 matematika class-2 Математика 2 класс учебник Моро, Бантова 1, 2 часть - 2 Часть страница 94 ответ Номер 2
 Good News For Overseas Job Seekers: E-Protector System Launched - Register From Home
================================
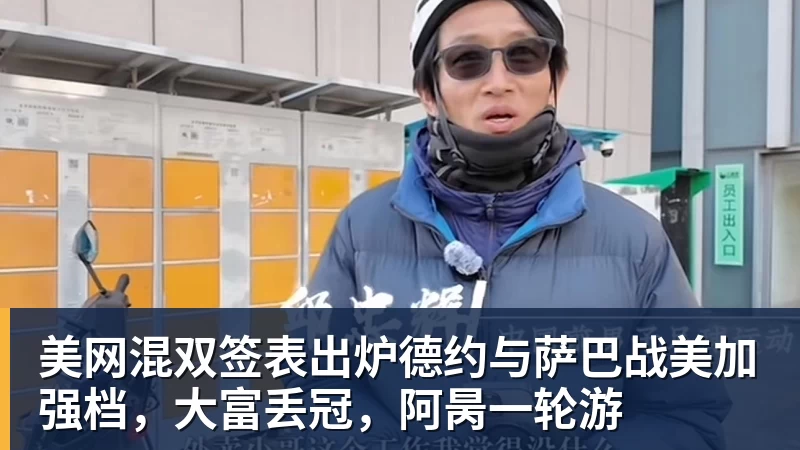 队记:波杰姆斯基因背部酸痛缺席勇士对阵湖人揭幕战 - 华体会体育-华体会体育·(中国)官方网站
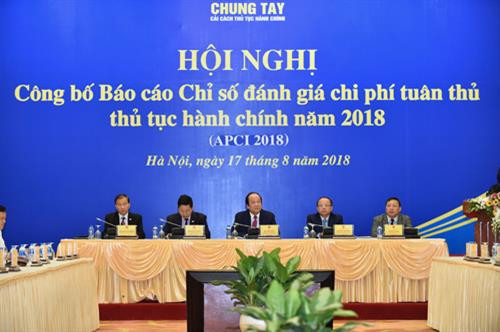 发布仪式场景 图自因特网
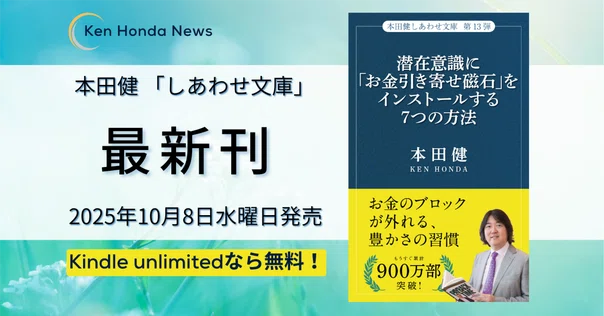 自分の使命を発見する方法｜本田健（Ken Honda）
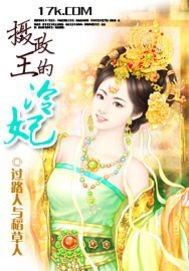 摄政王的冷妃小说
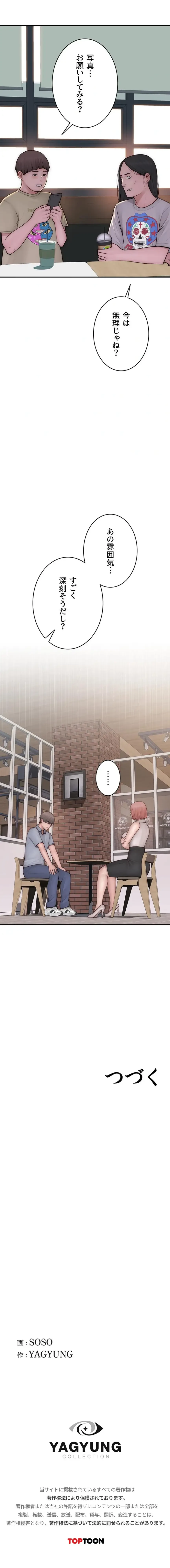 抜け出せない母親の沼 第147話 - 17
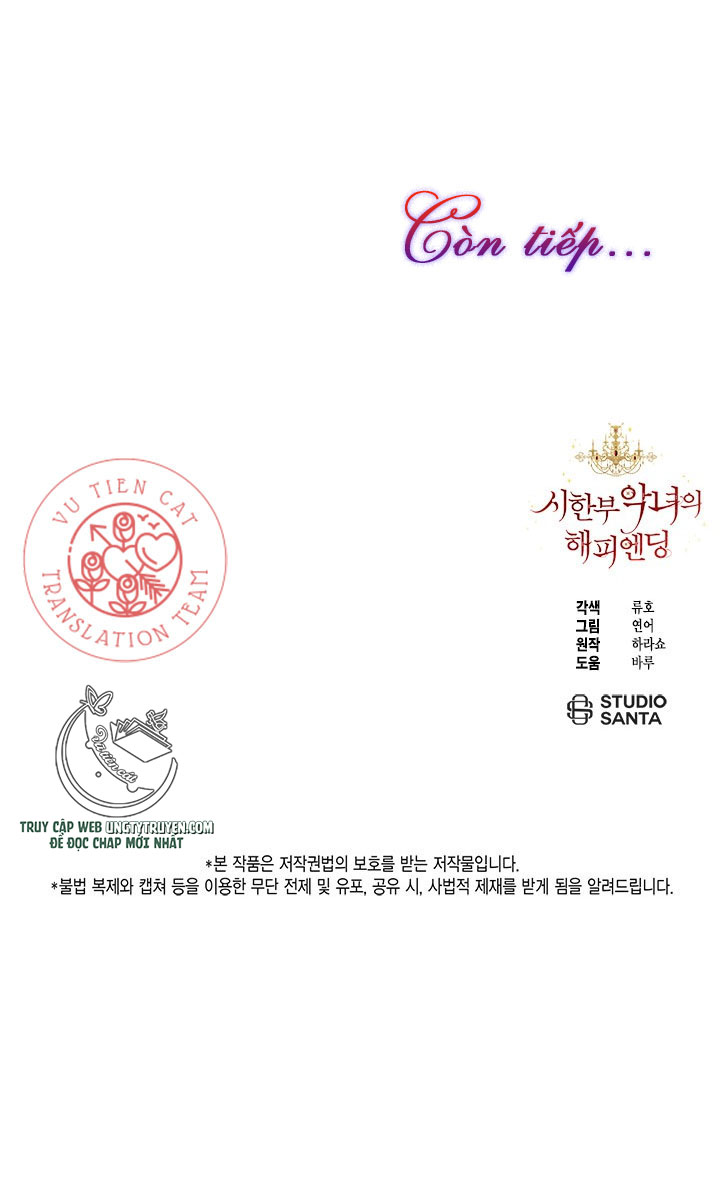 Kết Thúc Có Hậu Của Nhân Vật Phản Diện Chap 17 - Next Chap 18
================================
- Work item
In the listing above, find the line with "发布仪式场景 图自因特网" and the line with "Kết Thúc Có". Set down both and every line between them, minus the pictures.

- Output
 发布仪式场景 图自因特网
 自分の使命を発見する方法｜本田健（Ken Honda）
 摄政王的冷妃小说
 抜け出せない母親の沼 第147話 - 17
 Kết Thúc Có Hậu Của Nhân Vật Phản Diện Chap 17 - Next Chap 18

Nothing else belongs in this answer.